● **Exercise directions**: In the records below, find the line containing "Cavo di ricarica", then copy that line and all lines after it, exactly, omitting every picture.

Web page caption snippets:
++++

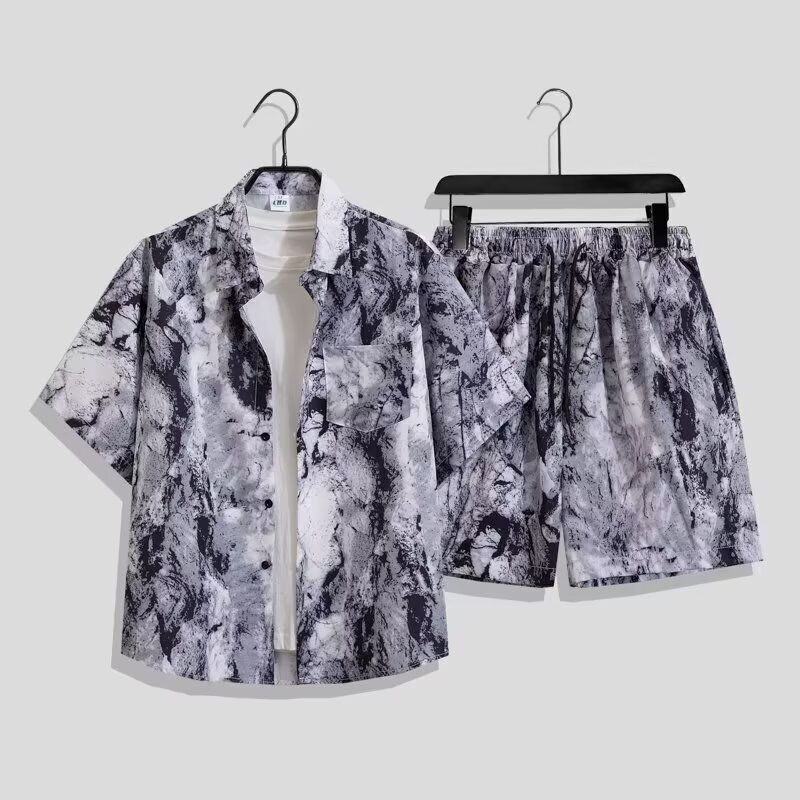 Trendy Retro Cool Loose Casual Two-Piece Summer Cool Ice Silk Tie-Dye Short-Sleeved Shirt and Shorts Set for Men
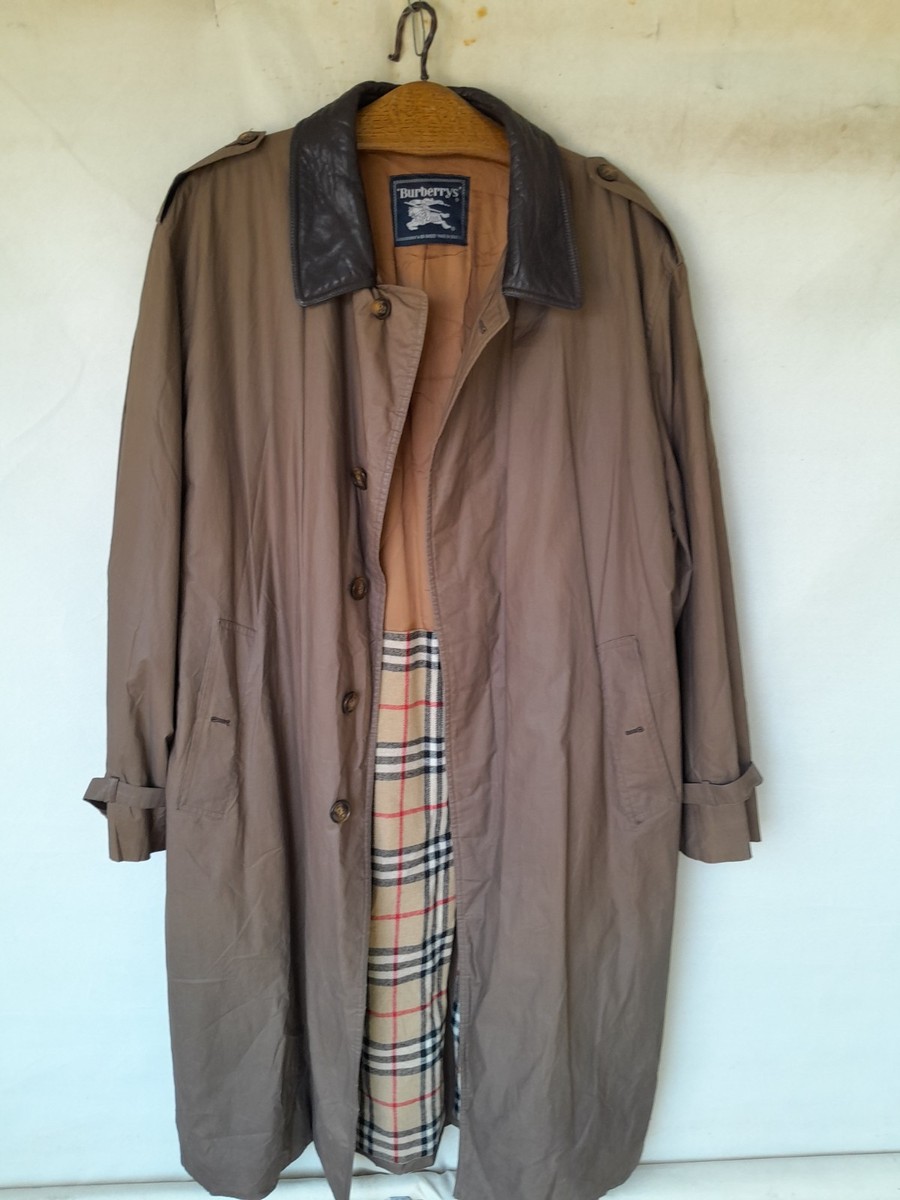 Vintage Burberry Trench Coat Mens XL Brown Cotton Leather Collar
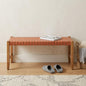 MALIBU 48" TAN AND BROWN FAUX LEATHER AND SOLID WOOD UPHOLSTERED BENCH - Varnish & Vibe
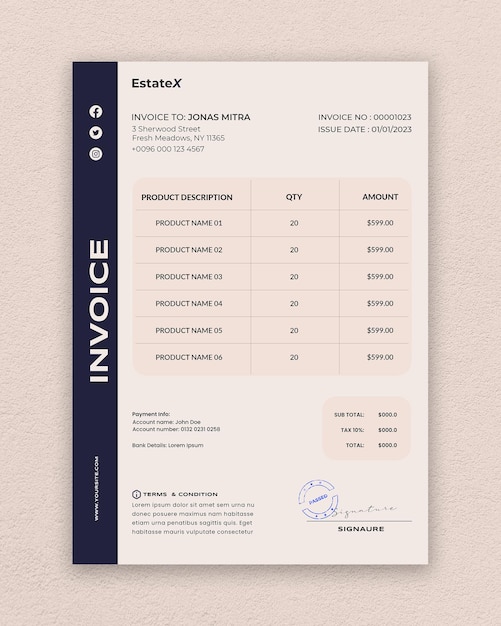 Real estate invoice business design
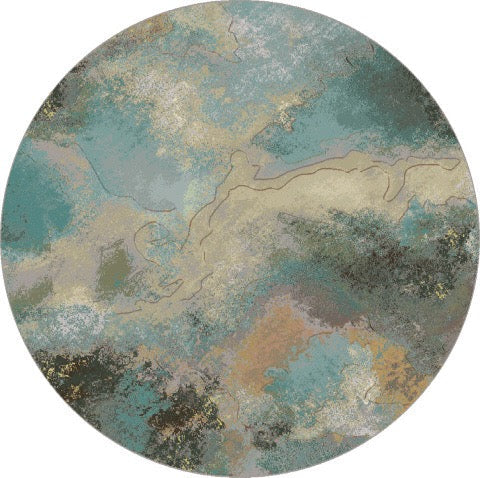 Version ronde du tapis Tapison Home Torino 063.0934.7270 en bleu gris, orange rouille et ocre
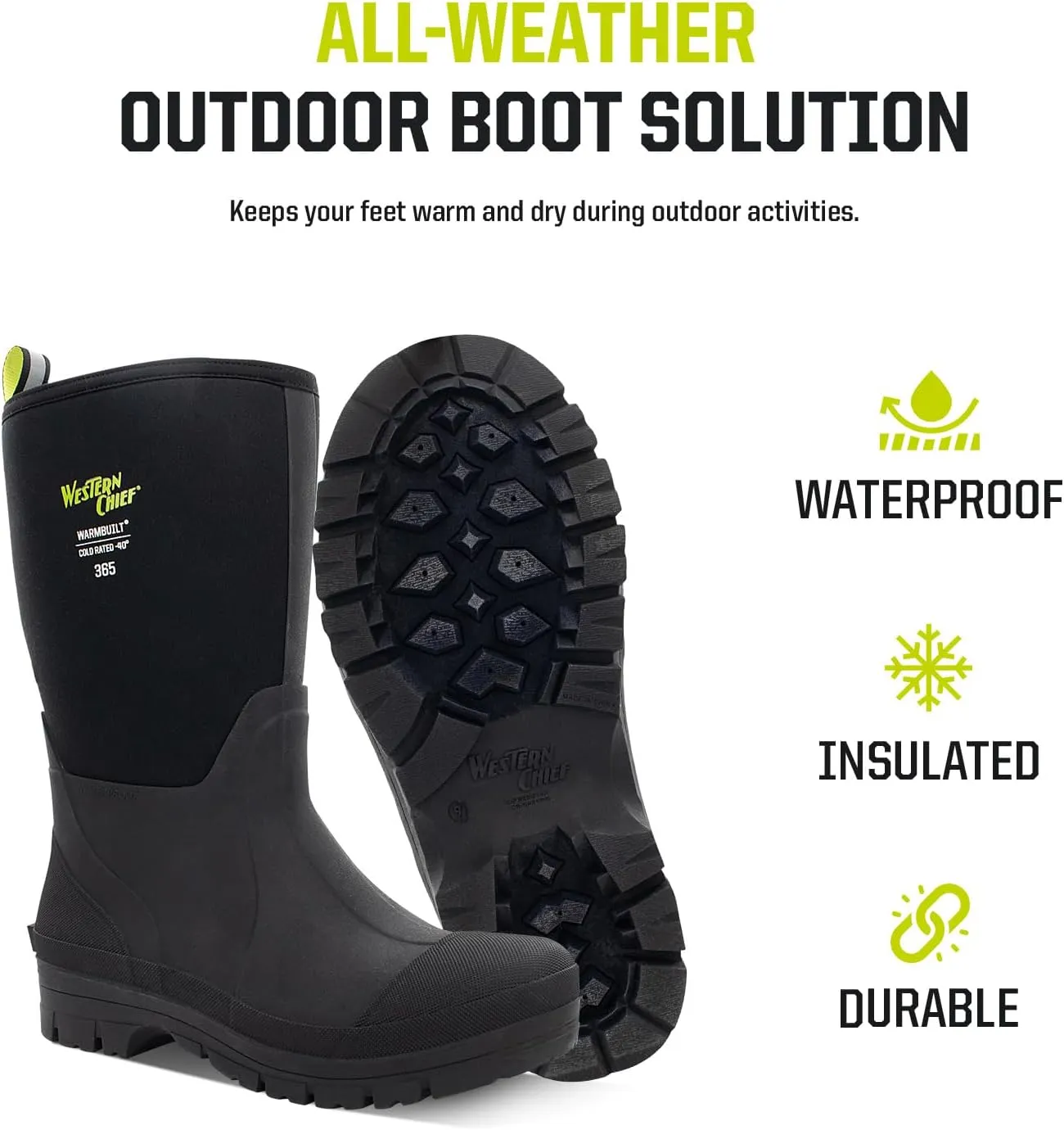 Western Chief Women's 365 Neoprene Rain Boots for Women - 100% Waterproof Rubber Boots for Women with Anti-Slip Outsole - Cold-Rated Muck Boots for Women for All-Weather Protection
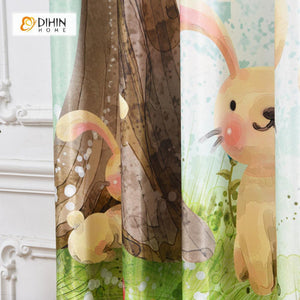 DIHINHOME Home Textile Modern Curtain DIHIN HOME 3D Printed Cute Rabbit Blackout Curtains ,Window Curtains Grommet Curtain For Living Room ,39x102-inch,2 Panels Included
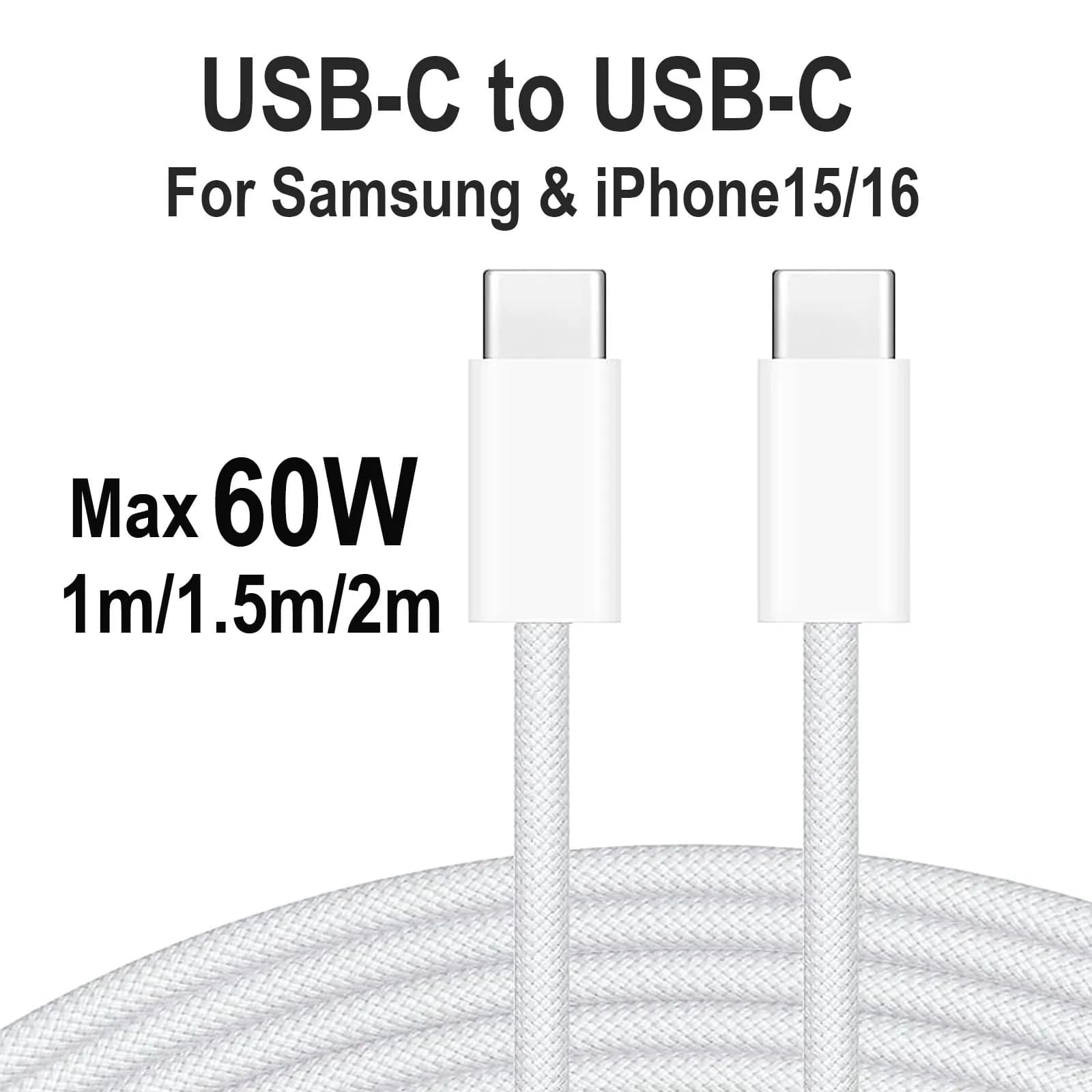Cavo di ricarica rapido da USB-C a USB-C intrecciato in nylon da 60 W per iPhone 16/15, Samsung S24/23/22, iPad Pro, MacBook Air/Pro.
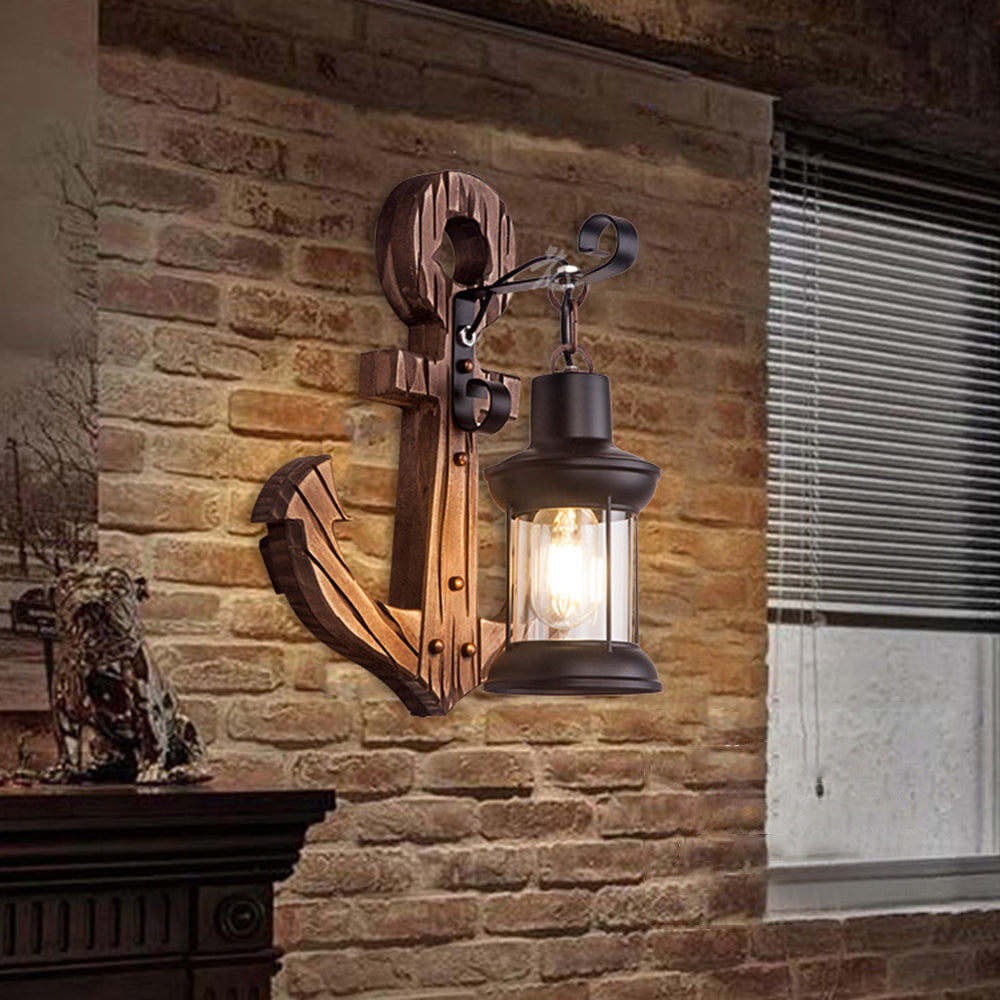 BowLift Vintage Anchor LED Wall Light | Industrial Metal & Wood Fixture for Dining & Living Rooms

++++

● **Written response**:
Cavo di ricarica rapido da USB-C a USB-C intrecciato in nylon da 60 W per iPhone 16/15, Samsung S24/23/22, iPad Pro, MacBook Air/Pro.
 BowLift Vintage Anchor LED Wall Light | Industrial Metal & Wood Fixture for Dining & Living Rooms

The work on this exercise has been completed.